Largest offshore wind energy system comes online in the UKJuly 9, 2013
UK activates world’s largest offshore wind energy system
The world’s largest offshore wind energy system has been activated in the United Kingdom. The London Array, as it is named, came online late last week and represents one of the country’s most aggressive steps away from fossil-fuels. The United Kingdom has long been heavily reliant on fossil-fuels, but has taken a keen interest in renewable energy in recent years due to its economic prospects and concerns regarding climate change. Offshore wind energy has been particularly attractive to the country due to its access to large expanses of ocean, where strong wind currents are abundant.
London Array boasts of 630MW capacity
The London Array boasts of a capacity of 630 megawatts, which is enough to power some 470,000 average homes. The offshore wind energy system also has the potential to displace approximately 925,000 tons of carbon dioxide emissions from the atmosphere annually. The London Array has spent 12 years in development and could be the cornerstone in the United Kingdom’s continued efforts to embrace renewable energy and break away from fossil-fuels.
UK also interested in solar energy
With the London Array now active, the UK may now be able to devote its resources to other renewable energy endeavors. The country has taken a strong interest in solar power, though its solar potential is somewhat limited when compared to other countries, such as Brazil and those in the Middle East. Nonetheless, solar energy represents another avenue through which to be liberated from fossil-fuels and this type of clean power also comes with its own economic prospects that could benefit the country as a whole.

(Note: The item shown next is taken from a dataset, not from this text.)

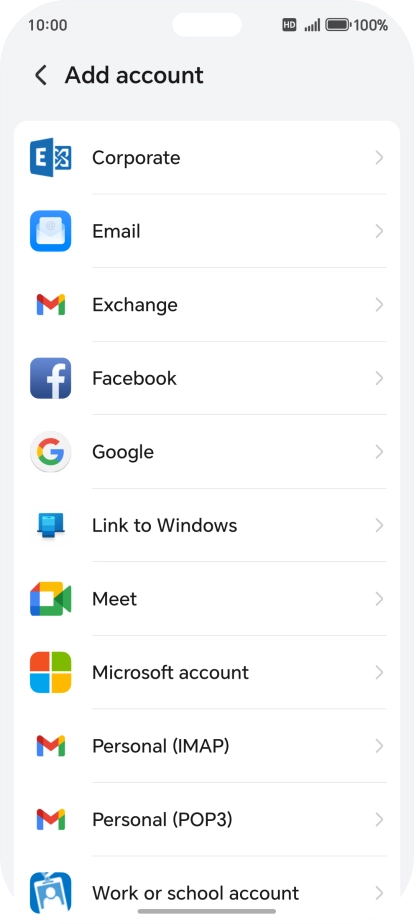 Press Google. Press Google.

London Array may establish UK as a leading force in renewable energy
The massive offshore wind energy system could establish the United Kingdom as a leader in sustainable power. The London Array is the largest energy system of its kind, but is not likely to be the last. There are currently plans for a similar system to take root off the shore of Scotland, but this particular system is still several years from reaching completion.